= Wee Sing =

American songbook series

Wee Sing is a songbook series created by Pamela Conn Beall and Susan Hagen Nipp and published by Price Stern Sloan. It would also inspire a series of children's CDs, cassettes, coloring books, toys, videos, and apps.

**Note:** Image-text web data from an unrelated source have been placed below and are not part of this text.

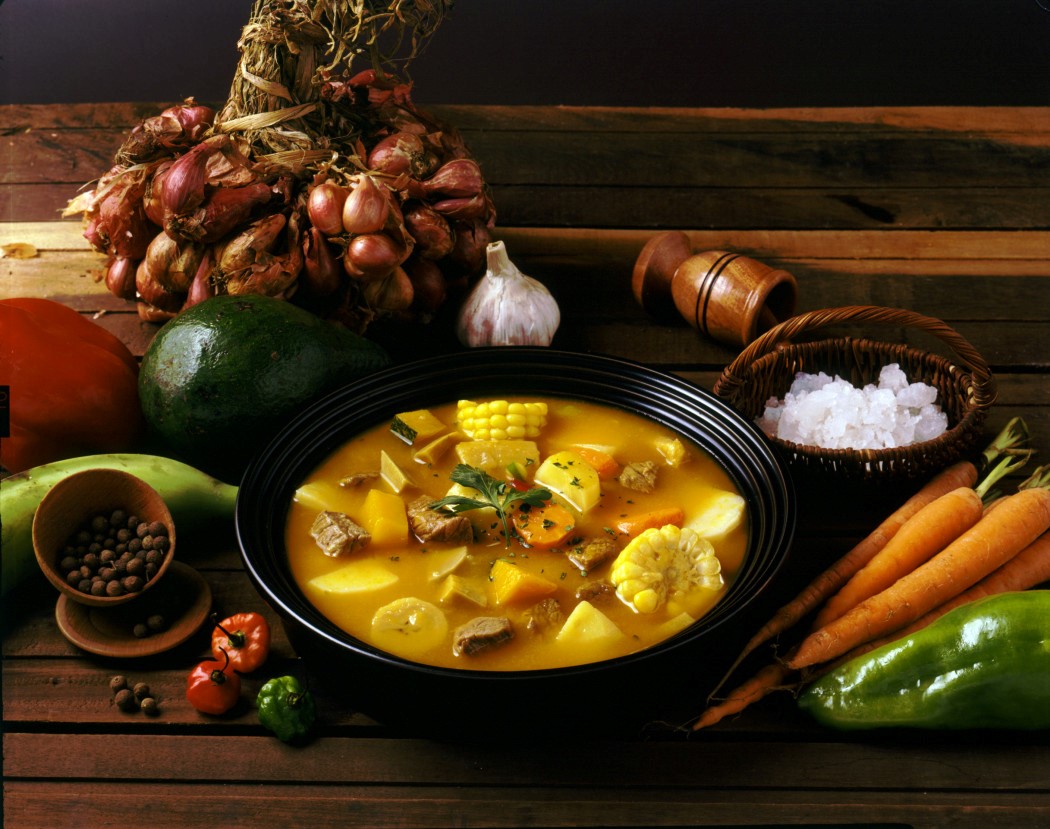 Truy tìm “điểm hấp dẫn” của văn hóa ẩm thực Colombia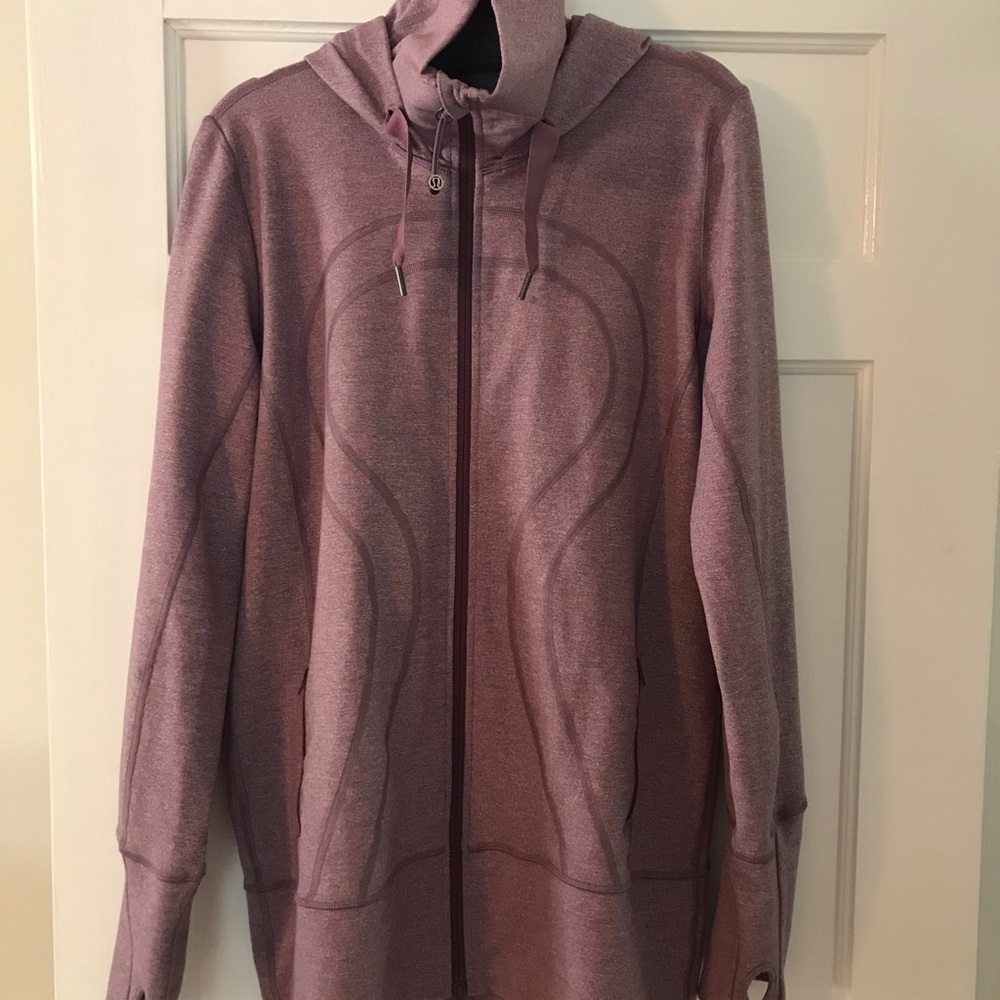 LuluLemon sweatshirt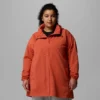 Chaqueta larga con forro Eastmoreland™ para mujer – Tallas grandes Chaqueta larga con forro Eastmoreland™ para mujer – Tallas grandes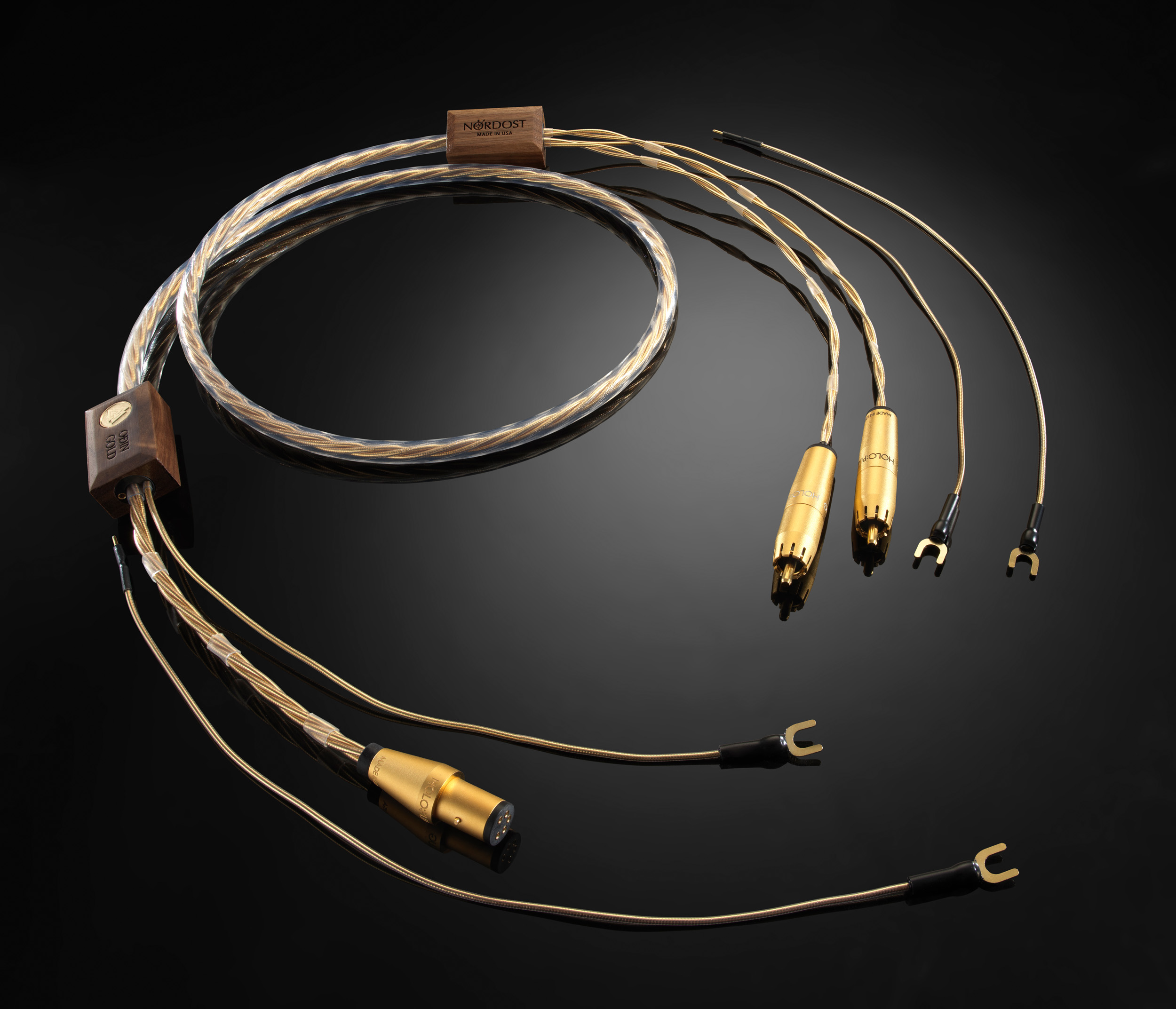 NORDOST INTRODUCES NEW SUPREME REFERENCE CABLE RANGE – ODIN GOLD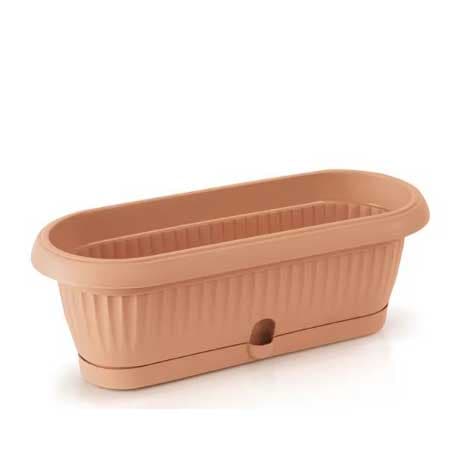 Сандъче Terra 26,5x12,4x10см теракота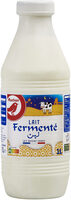 Lait fermenté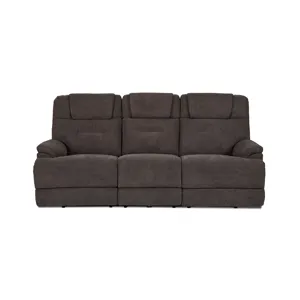 Power Sleep Sofa with Power Headrests & Lumbar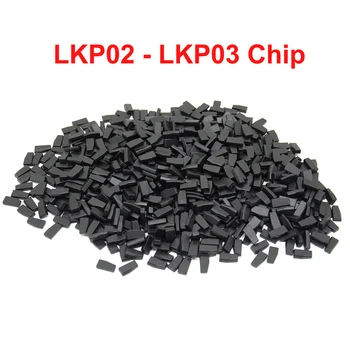 5 шт. 10 шт. Оригинальный чип LKP02 LKP-02 LKP03 может клонировать чип 4C/4D/G через Tango KD-X2 LKP-03 Копировать чип ID46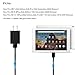 TONIWA 15W Fast Charger with 10Ft Extra Long 5A USB C Cable for Charging New Fire HD 10,10Plus-9th 11th 2019 2021 2023,Fire Max 11-13th 2023, Fire HD 7 8-10th 12th 2020 2022,Kids Edition,Kids Pro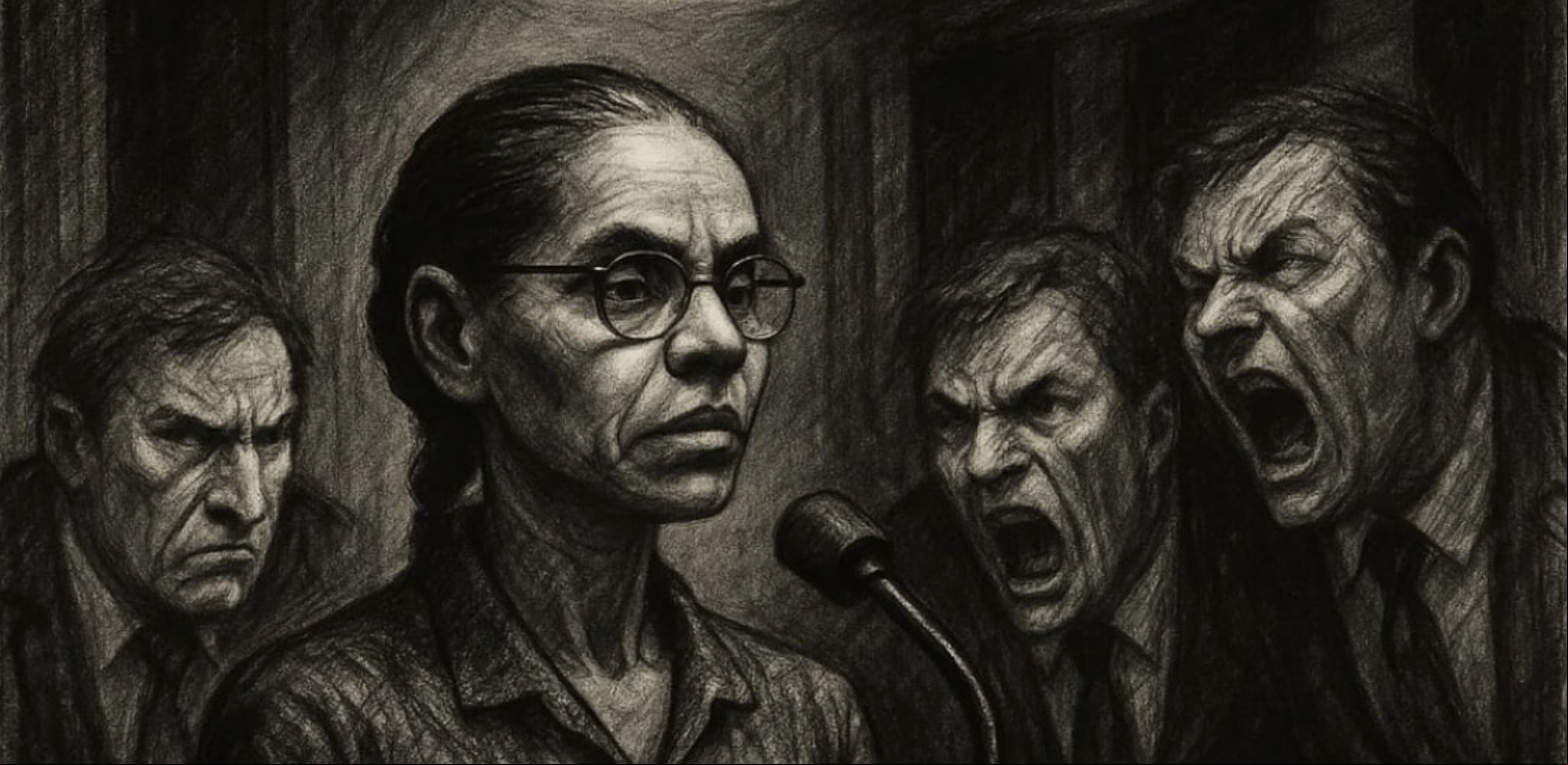 Opinião de Miguel Lucena: Marina Silva; Em tempos de grosseria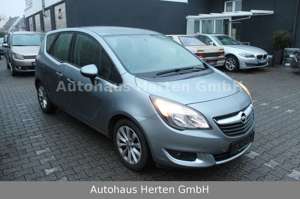 Opel Meriva B 1.4 Turbo Edition*KLIMA*SITZH*TÜV NEU* Bild 3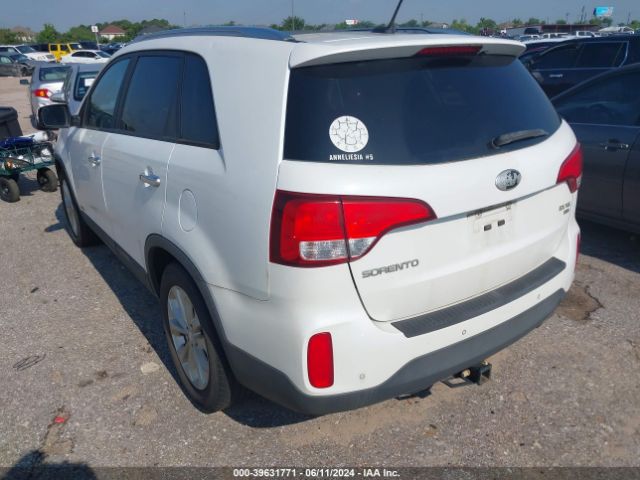 5XYKUDA73EG541447 KIA Sorento Ex V6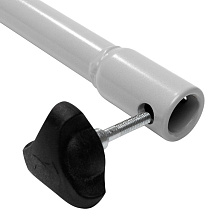 Удлинитель адаптера для ледобура под шуруповерт 19 мм. (УА-400)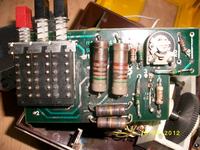 Miernik IMI 413 - gdzie znaleźć schemat dla zakresów LO, 500V, 1000V?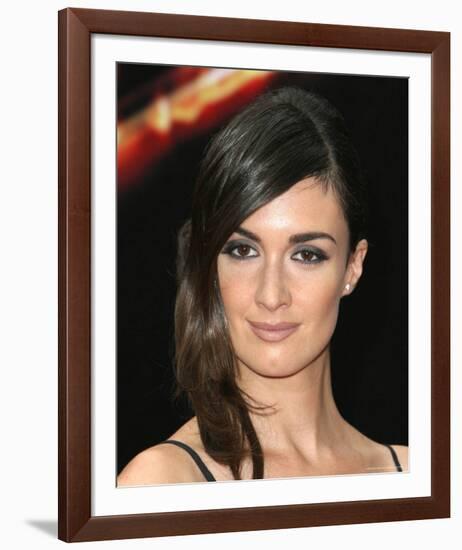 Paz Vega-null-Framed Photo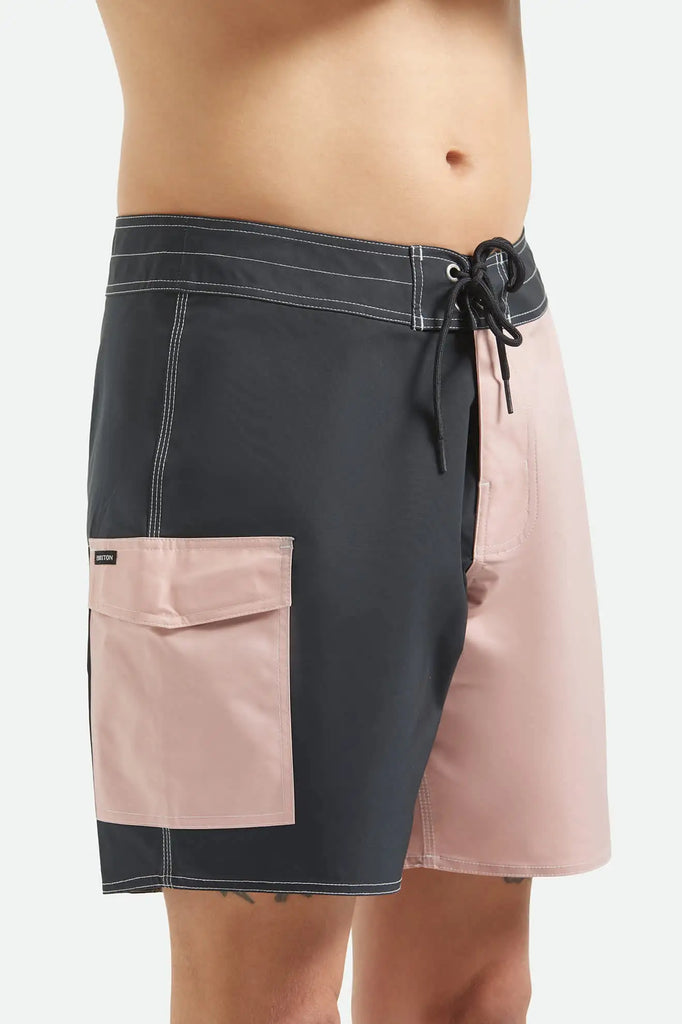 Brixton Mens Boardshorts Classic Trunk 17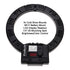 Fotodiox Selfie Starlite Mini LED Beauty Ring Light w/ Tabletop Tripod - 12in Bi-Color Dimmable LED Ringlight for Portrait, Photography, Makeup, YouTube, Live Streaming Video and more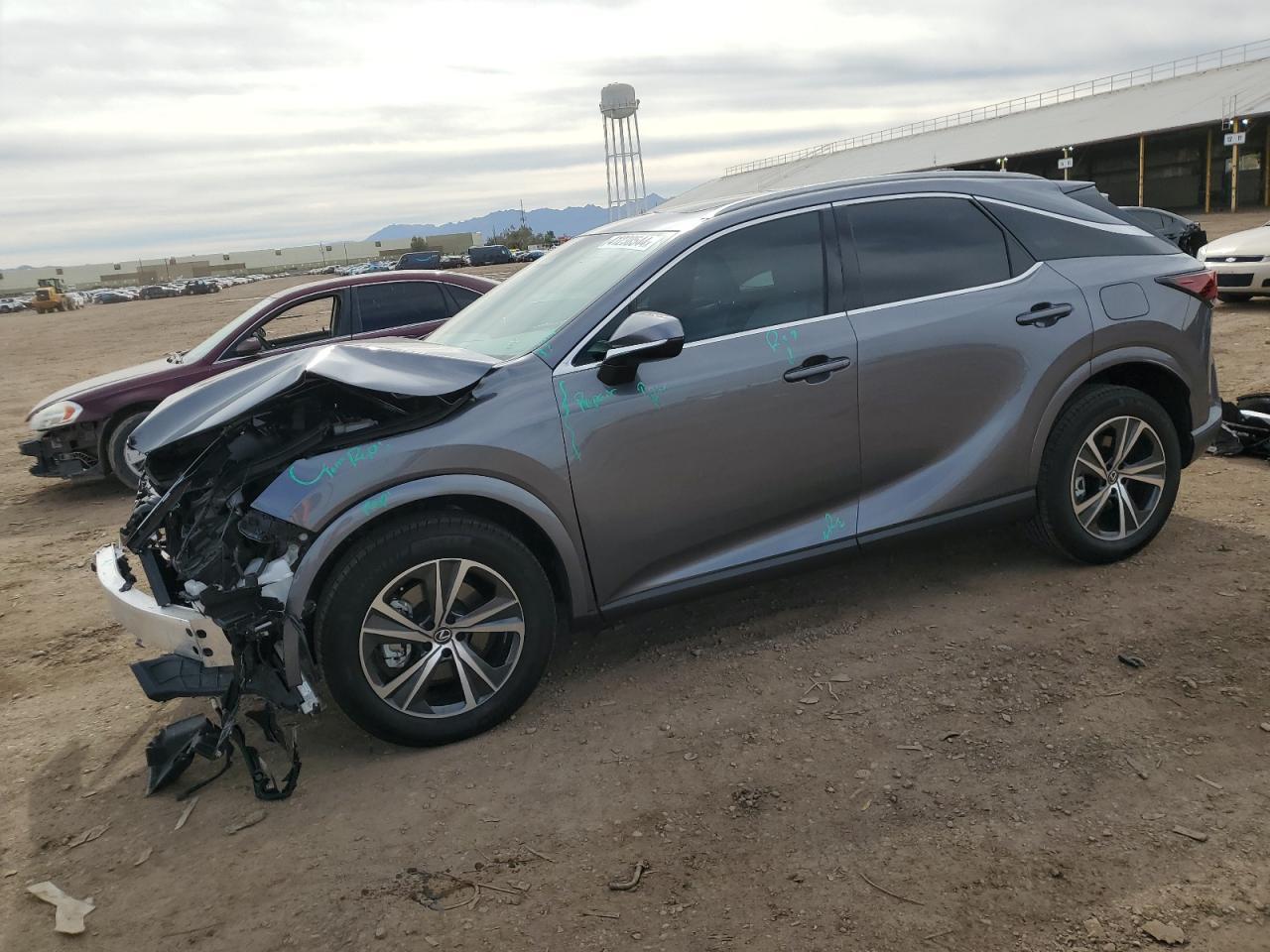 2023 LEXUS RX 350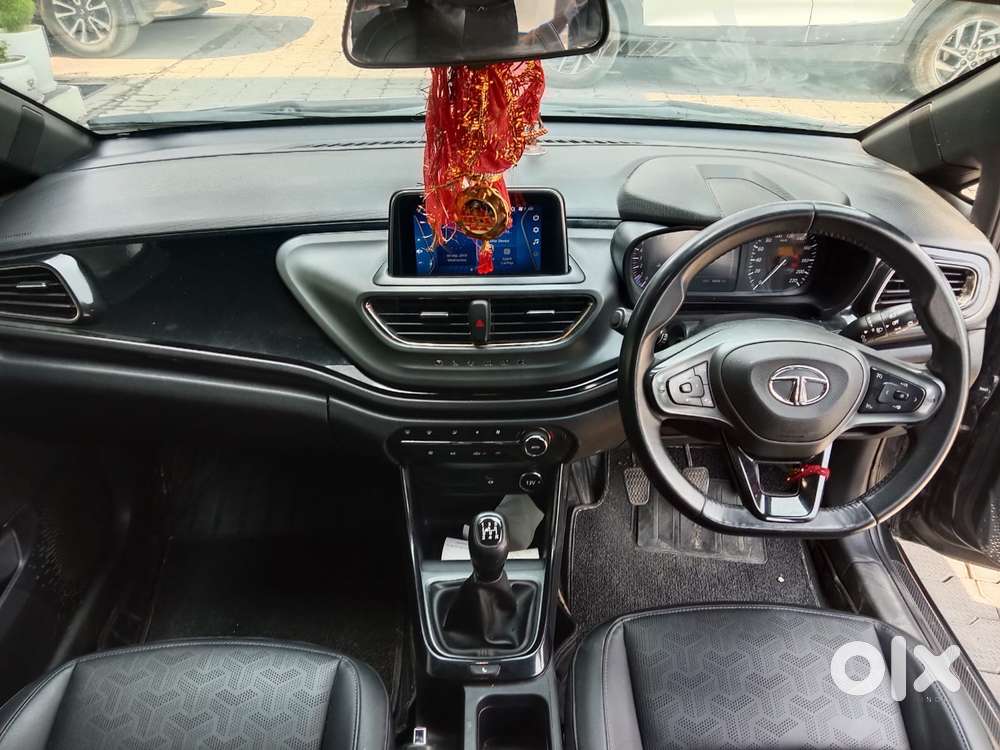 Tata Altroz 1.2 Xz Plus Dark Edition, 2023, Petrol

The videos were shot in Portland, Oregon.

==Home Videos==
===Wee Sing Together (1985)===
Sally gets a surprise when her two favorite stuffed animals, Melody Mouse with lavender pink-colored body (dressed up as a purple and white ballerina) and Hum Bear with tan-colored body magically come to life and take her, along with her brother Jonathan and their dog Bingo to the magical Wee Sing Park for Sally's birthday party, where they meet a marching band. They sing and dance and learn how to conquer their fears when a storm hits.

====Songs====
1. "The More Wee Sing Together"
2. "Skidamarink"
3. "Head and Shoulders"
4. "The Finger Band"
5. "Walking Walking"
6. "Rickety Tickety"
7. "Little Peter Rabbit"
8. "I'm a Little Teapot"
9. "The Alphabet Song"
10. "B-I-N-G-O"
11. "Sally's Wearing a Red Dress"
12. "Old MacDonald Had a Farm"
13. "Looby Loo"
14. Medley: "Rain, Rain, Go Away"/"There is Thunder"
15. "Eensy Weensy Spider"
16. "If You're Happy and You Know It"
17. "Reach for the Sky"
18. "My Name and Address"
19. "Twinkle, Twinkle, Little Star"
20. "Teddy Bear"
21. "The More We Sing Together" (Reprise)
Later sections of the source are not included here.